On Behalf of | Feb 10, 2016 | Grandparents' Rights |

Determining the best interests of a child in Minnesota is not limited to a parent’s custody and participation in their lives. State law also grants grandparent visitation after divorces, under certain circumstances.

A minor child’s grandparent may petition a court for visitation rights if the child lived with the grandparent for at least one year and the child’s parents removed the child from the home. A court must grant the grandparent’s petition seeking visitation if it finds, by clear and convincing evidence, that visitation rights would be in the child’s best interest. Also, visitation cannot interfere with the relationship between the child and the parent.

Courts, while addressing the child’s best interest, place emphasis on encouraging the continuation of a lasting bond between the grandparent and the child. Courts also want to encourage a sense of security for the child.

Courts may review certain facts to determine whether visitation would interfere with the parent-child relationship. These include the suitability of the grandparent’s home for visits, the quality of previous visits, whether the child had behavioral problems after visits with their grandparents and the amount of proposed time for visitation.

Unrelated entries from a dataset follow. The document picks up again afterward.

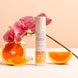 Product image thumbnail 9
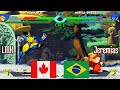 Youtube Thumbnail title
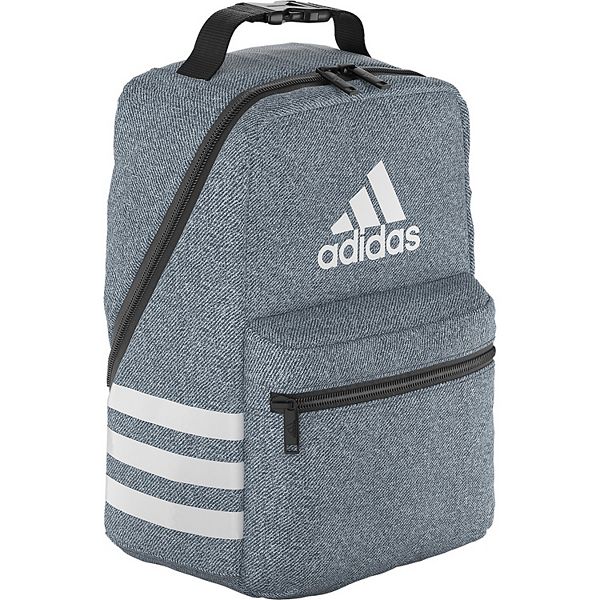 adidas Santiago 3 Lunch Bag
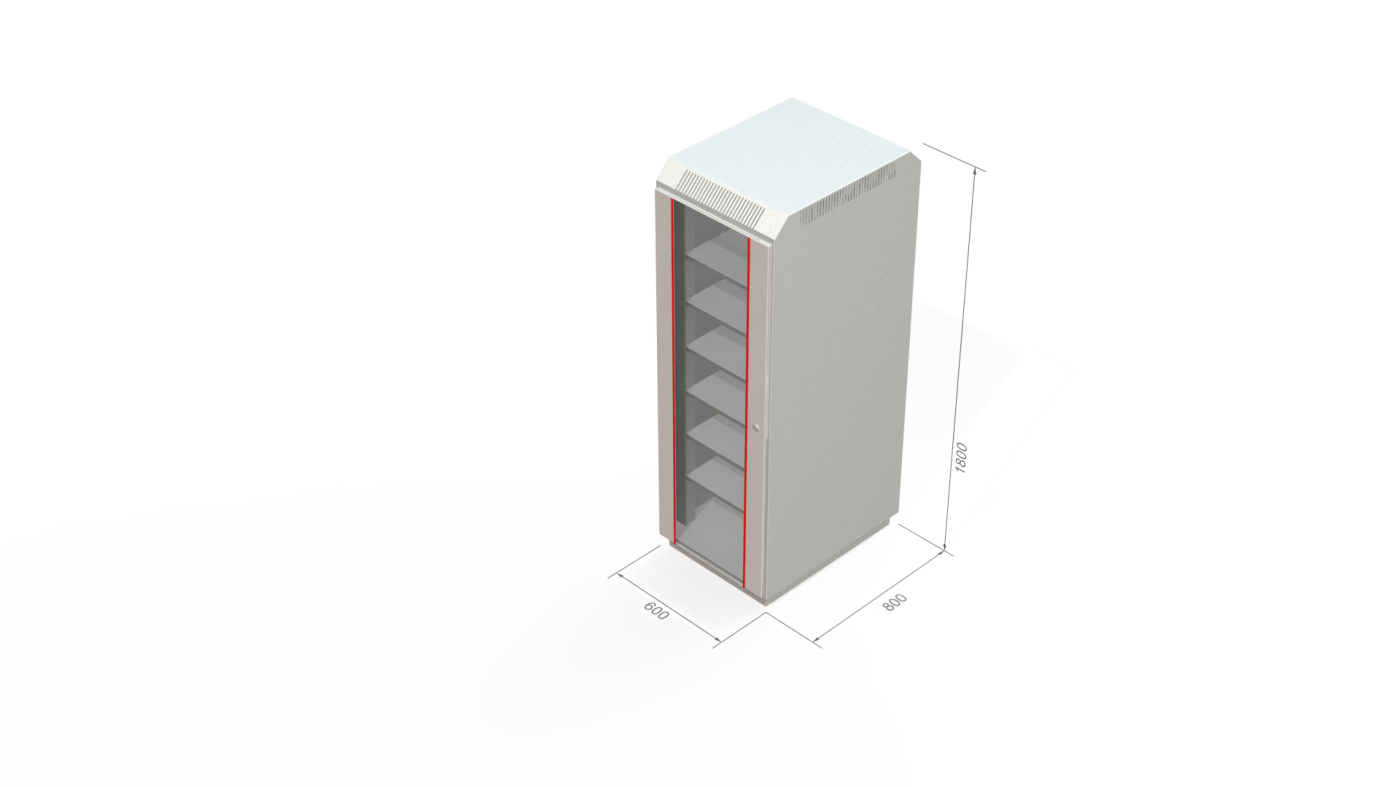 shkaf-stojka-19-600h800-38-u-so-steklyannoj-dverju-blokom-ventilyacii-6-polok-usilennyh-200kg-2
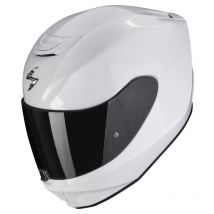 Casque Scorpion Exo EXO-391 - SOLID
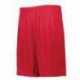 Augusta Sportswear 2780 Attain Shorts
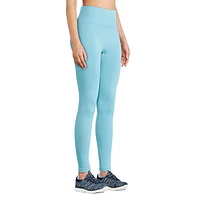 Legging sans coutures Athletic Works pour femmes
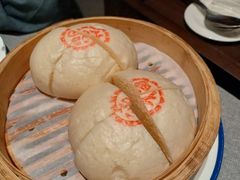 -江南厨子·品苏杭(华润万象店)
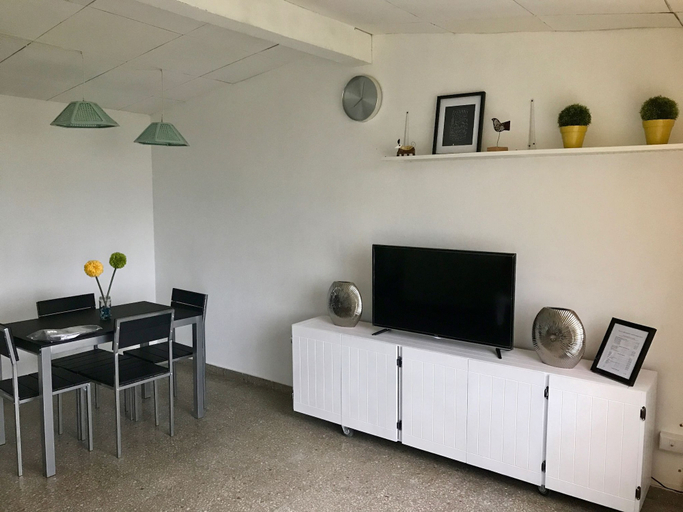 Others 5, Condominio Las Rosas, Antiguo Cuscatlán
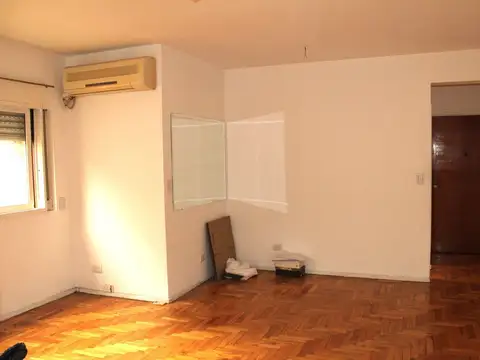 Departamento en Alquiler en Belgrano, $ 1.200.000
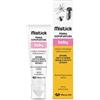 MARCO VITI FARMACEUTICI SpA MISTICK BABY PENNA GEL DOPO PUNTURA MARCO VITI 14ml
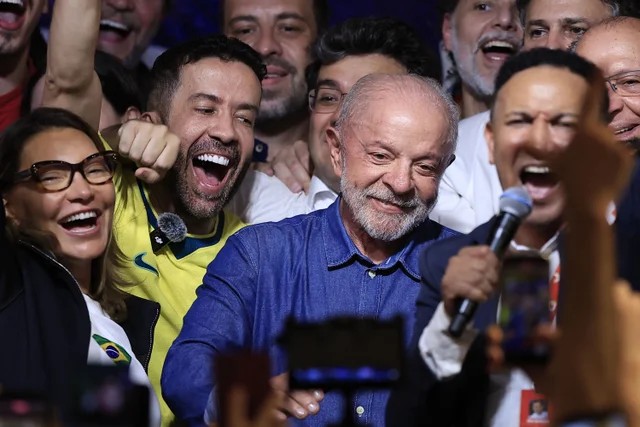 lola da silva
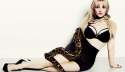 Melissa-Rauch-nude-pics-6.jpg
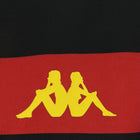 Sport Recife Home Shirt 2026/27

Last summer, the Minnesota Court of Appeals issued an unpublished decision reversing a lower court ruling that additional visits by the grandmother of her two grandchildren was not in their best interest and would interfere with their relationship with their father. It found that her visits did not interfere with the children’s relationship with their father because there was insufficient evidence that she criticized their father, the grandmother provided a stable and secure environment when the father and children lived with her, there was no evidence that the grandmother would not discipline the children and that the grandmother played an important role in their lives.